To use a text generation model for sentiment analysis, you can craft a prompt that instructs the model to classify the sentiment of a given text. The prompt should be designed to elicit a response that indicates whether the sentiment is positive or negative.


The transformers library makes it simple to load a text generation model.
>Note that they can be quite large and potentially do not fit or run slowly on your CPU/RAM.

In [None]:
# Load the pipeline
pipe = pipeline(
    "text-generation",
    model="microsoft/Phi-3.5-mini-instruct",
    trust_remote_code=True,  # Trust the remote code; this is required for some models, but always check the code first!
    device=device,  # Set this to "cuda" for GPU acceleration if available
    torch_dtype=torch.bfloat16,  # Use bfloat16 for less memory usage and faster inference
)

### Input Format for Chat-Based Decoder Models

Chat-based decoder models, such as GPT-3, typically require inputs in a specific format to generate coherent and contextually relevant responses.\
The input format generally consists of a sequence of messages, each with a role and content.\
The roles depend on the model, and often are "system", "user", or "assistant".

#### Example Input Format

```python
messages = [
    {
        "role": "system",
        "content": "Your task is to perform sentiment analysis. Classify the sentiment of the provided text into 'negative' or 'positive' and return only this label.",
    },
    {"role": "user", "content": "This movie was the worst movie I have ever seen."},
]
```

#### Key Components

1. **Role**: Indicates the role of the message sender. Common roles include:
   - `system`: Provides instructions or context for the conversation.
   - `user`: Represents the input from the user.
   - `assistant`: Represents the response from the model.
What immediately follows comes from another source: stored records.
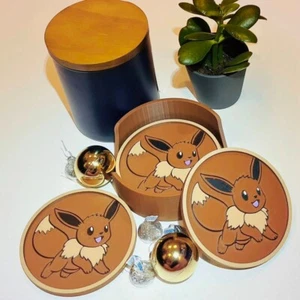 Eevee Pokemon Coaster with Pokeball Coaster Holder. Perfect for kids' birthday - Picture 1 of 4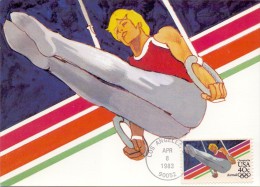 USA 1983 , Olympics 83 - Men's Gymnastic - Maximum Card - Los Angeles 8 Apr 1983 - Cartoline Maximum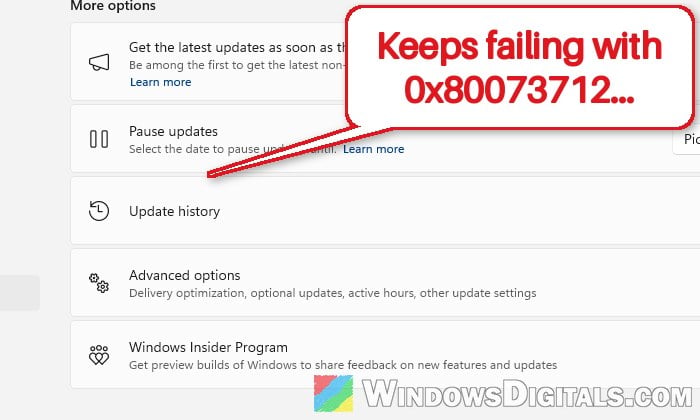 Windows Update Error 0x80073712 "Some update files are missing or have problems"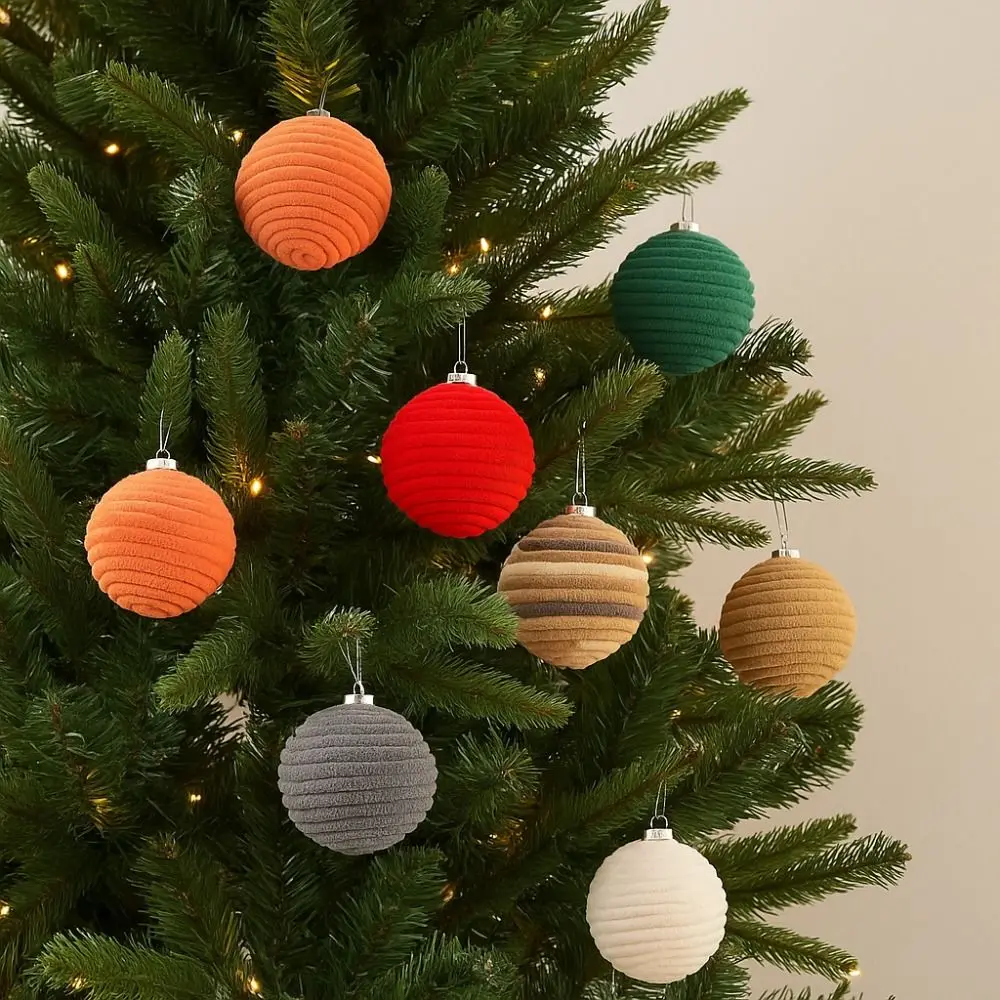 

3pcs 7/10cm Christmas Ball Ornaments Flocking Shatterproof Christmas Tree Hangings Ball Plastic Merry Xmas Tree Decor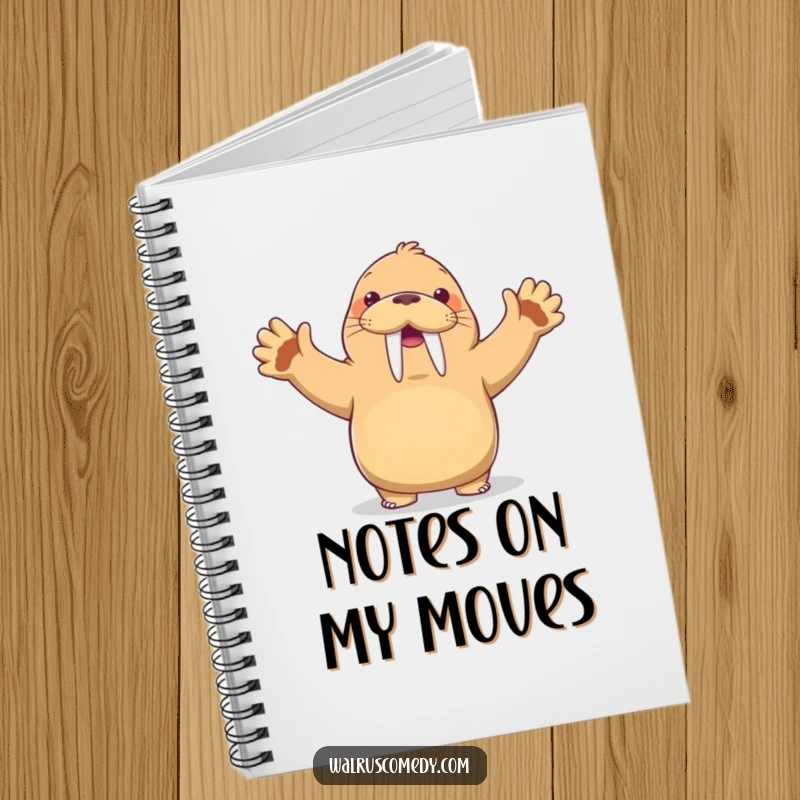 Funny Kawaii Walrus Notebook: A walrus dances with flippers up and a grin, perfect for jotting down funny thoughts and creative ideas.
2. **Content**: The actual text of the message.

In [None]:
messages = [
    {
        "role": "system",
        "content": "Your task is to perform sentiment analysis. Classify the sentiment of the provided text into 'negative' or 'positive' and return only this label.",
    },
    {"role": "user", "content": "This movie was the worst movie I have ever seen."},
]

generation_args = {
    "max_new_tokens": 3,  # maximum number of tokens to generate
    "return_full_text": False,
    "temperature": 0.0,  # temperature for sampling (on if do_sample=True)
    "do_sample": False,  # whether to sample from the output distribution
}

output = pipe(messages, **generation_args)
print(output)

There is much more that you can do with text generation models!\
For example, in-context learning (sometimes also called demonstration learning) is a technique where the model is provided with examples of the task it needs to perform within the prompt itself.\
This helps the model understand the task better and generate more accurate responses.\
For sentiment analysis, you can provide a few examples of sentences along with their sentiment labels in the prompt.\
The model will then use these examples to infer the sentiment of new sentences.

Also, constraining the output tokens can help guiding the model to generate expected outputs and make it easier to parse the output.